*DIRECTIONS*
Your job is to give again, exactly and with no additions, the lines in the records below from the one with "This was it" through the one with "Then they give", both included. Omit the pictures.

*Items from a data source*

-------------------------

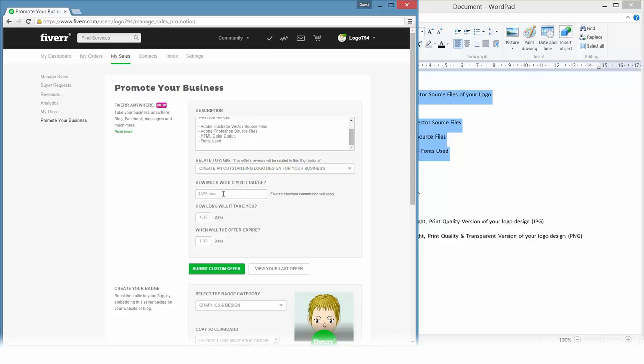Here we can set the price for the custom offer and you can set it to 325 dollars max. I think with the levels it's even rising the maximum price, so that's pretty nice. If you remember, right now we can only set a gig extra at 20 dollars each, and that's a huge improvement to have the ability to create an offer with 325 each. I will set the price at 40 dollars for this.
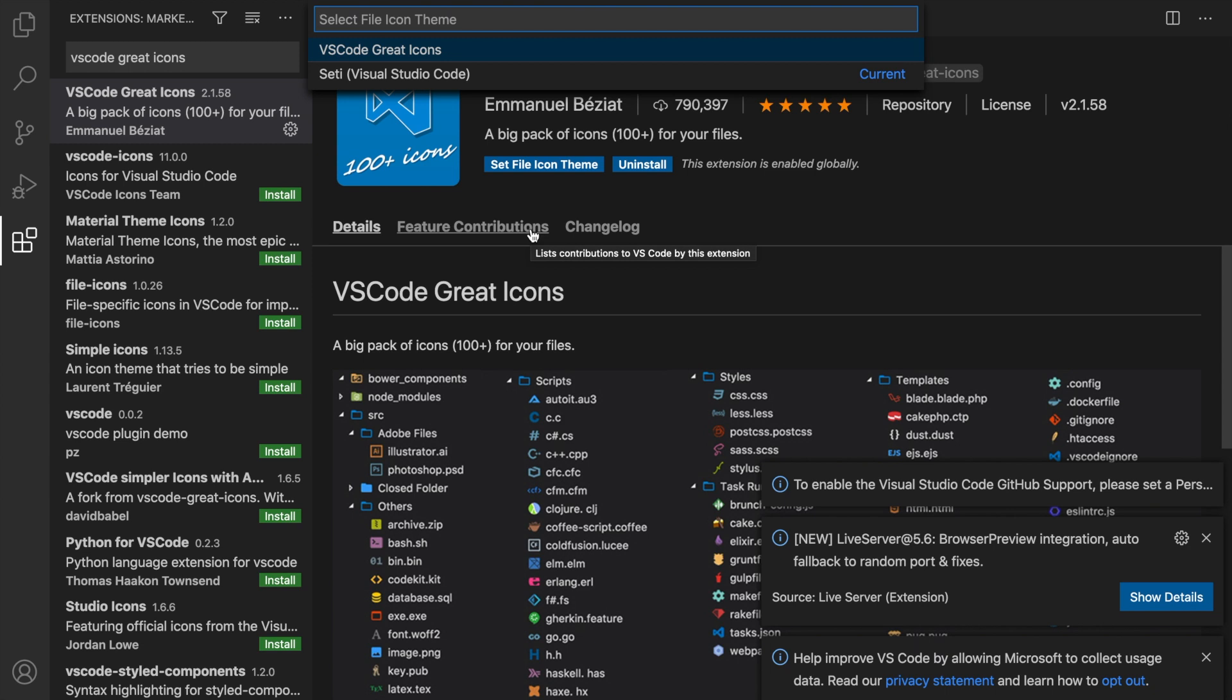This was it for installing our Visual Studio Code. We might add a couple more extensions later on when we're deeper in the course, but this is what you need to start off your Laravel projects in Visual Studio Code. Now what I would like to do next is to go and install PHPStorm and add some extensions to it.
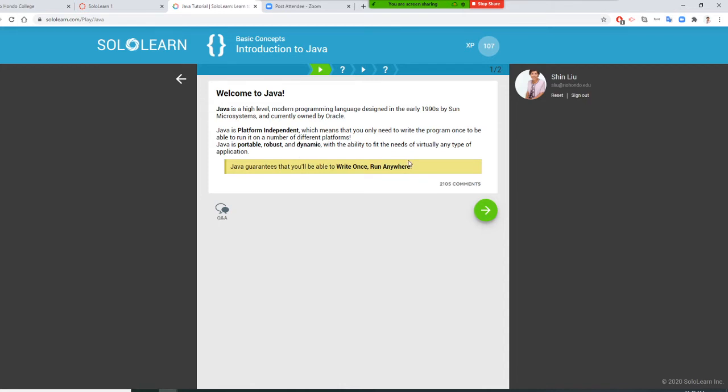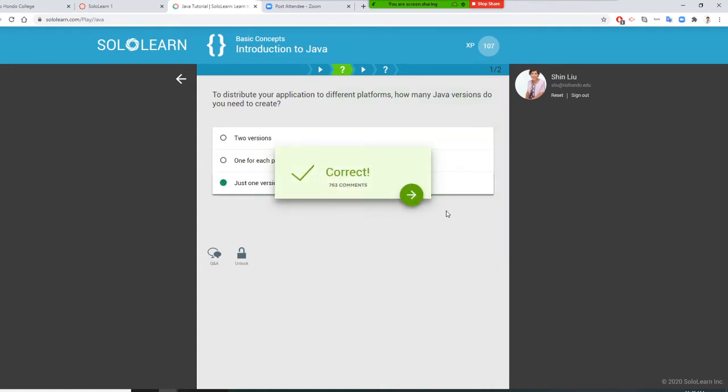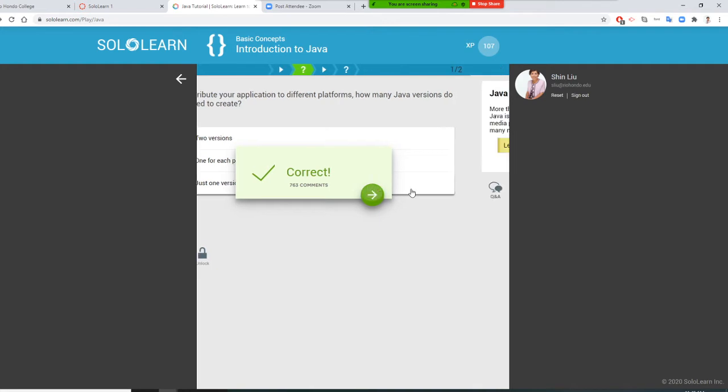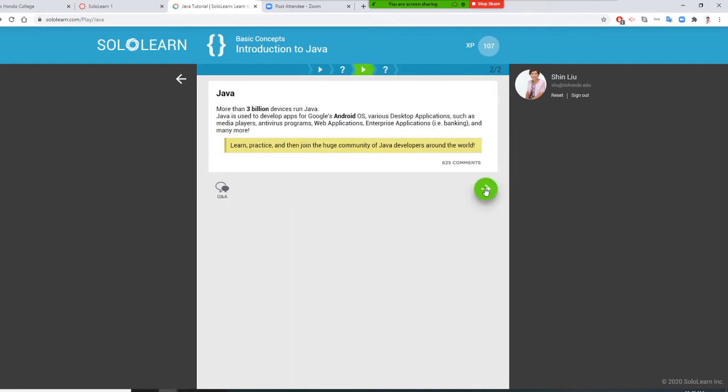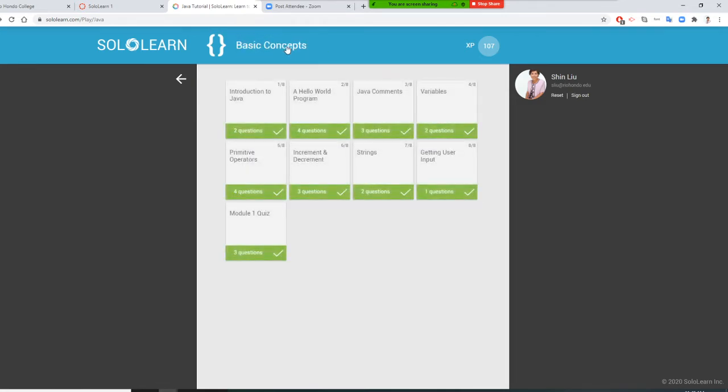Then they give you a question: 'To distribute your application to different platforms, how many Java versions do you need to create?' The answer is just one. You check it—correct! Then you continue doing that until you finish.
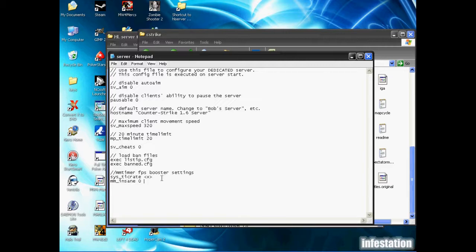Now, as you can see here, I have an X surrounded by a greater than and smaller than symbol. Now, this was just a placeholder, because depending on your server's hardware, you can set the FPS to whatever you think your computer can support.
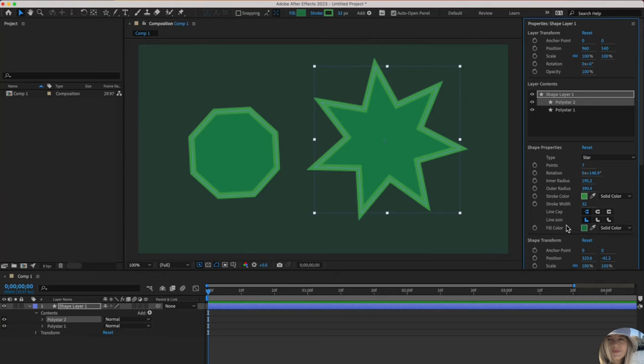I'm going to go over the animation in a separate video, but this gives you a good foundation on how to draw and change the properties of different shapes.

-------------------------

*WRITTEN RESPONSE*
This was it for installing our Visual Studio Code. We might add a couple more extensions later on when we're deeper in the course, but this is what you need to start off your Laravel projects in Visual Studio Code. Now what I would like to do next is to go and install PHPStorm and add some extensions to it.
Then they give you a question: 'To distribute your application to different platforms, how many Java versions do you need to create?' The answer is just one. You check it—correct! Then you continue doing that until you finish.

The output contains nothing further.